■ RECORDED DATA ■
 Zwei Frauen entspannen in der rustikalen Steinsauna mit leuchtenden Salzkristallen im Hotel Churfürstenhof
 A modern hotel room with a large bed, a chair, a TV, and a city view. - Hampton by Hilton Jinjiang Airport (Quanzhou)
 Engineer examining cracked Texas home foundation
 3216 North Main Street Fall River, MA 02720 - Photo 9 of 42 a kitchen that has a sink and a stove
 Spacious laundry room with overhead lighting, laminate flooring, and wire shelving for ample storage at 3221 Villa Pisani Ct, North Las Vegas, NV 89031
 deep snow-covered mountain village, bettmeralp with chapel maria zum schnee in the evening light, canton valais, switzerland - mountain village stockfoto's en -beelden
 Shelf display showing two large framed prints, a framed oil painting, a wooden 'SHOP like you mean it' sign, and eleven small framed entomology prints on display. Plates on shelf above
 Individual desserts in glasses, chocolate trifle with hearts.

---

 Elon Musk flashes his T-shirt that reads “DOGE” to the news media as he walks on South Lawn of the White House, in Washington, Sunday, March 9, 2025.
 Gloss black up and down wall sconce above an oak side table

==

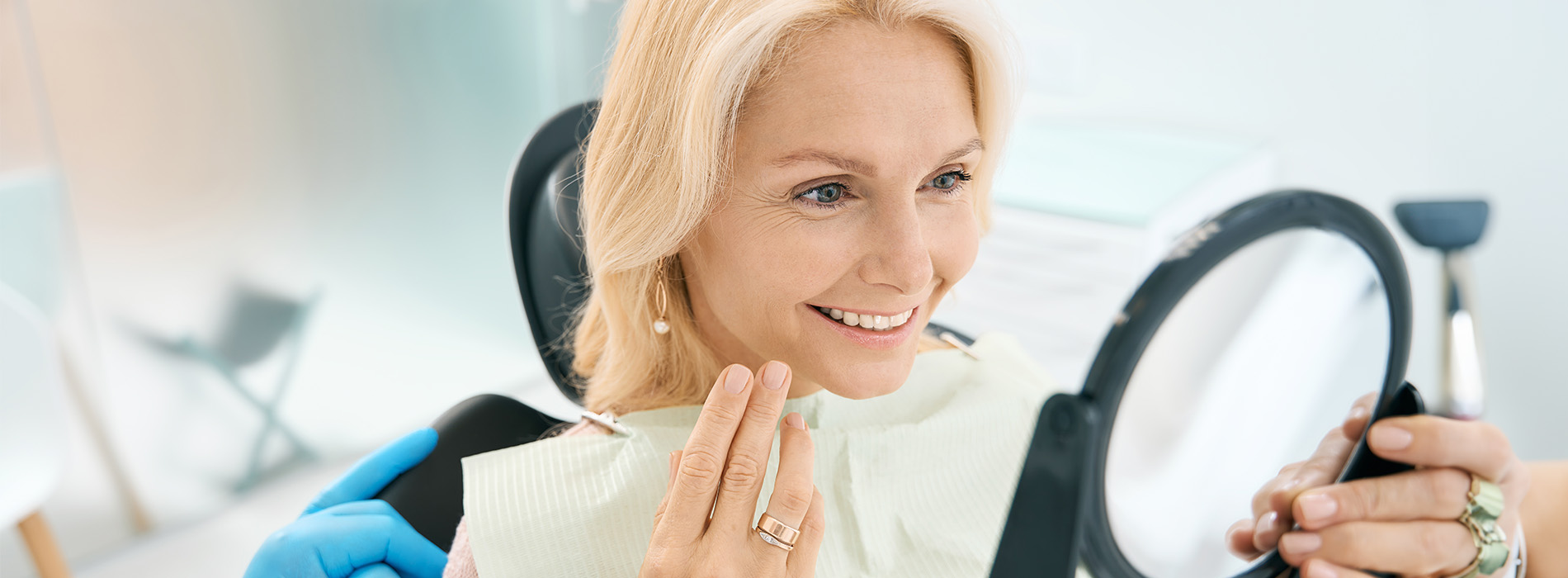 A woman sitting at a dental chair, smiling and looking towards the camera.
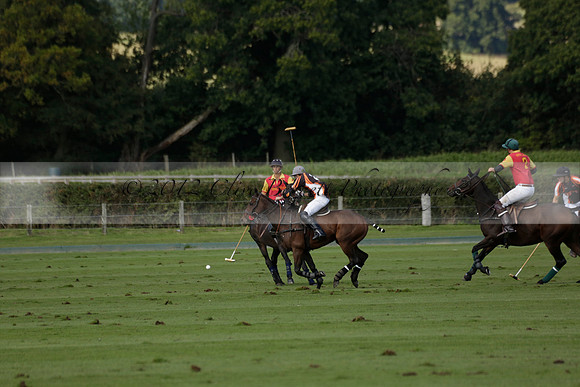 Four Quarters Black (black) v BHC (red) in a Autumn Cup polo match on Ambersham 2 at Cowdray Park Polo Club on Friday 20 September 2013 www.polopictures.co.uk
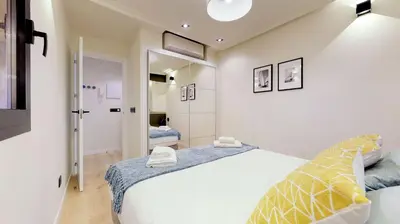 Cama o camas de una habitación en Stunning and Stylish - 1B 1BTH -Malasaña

■ ACTIVITY ■
Look through the data above and return exactly the lines from the one that contains "Elon Musk flashes" to the one that contains "Gloss black up", inclusive, with nothing else.

■ TASK RESULT ■
 Elon Musk flashes his T-shirt that reads “DOGE” to the news media as he walks on South Lawn of the White House, in Washington, Sunday, March 9, 2025.
 Gloss black up and down wall sconce above an oak side table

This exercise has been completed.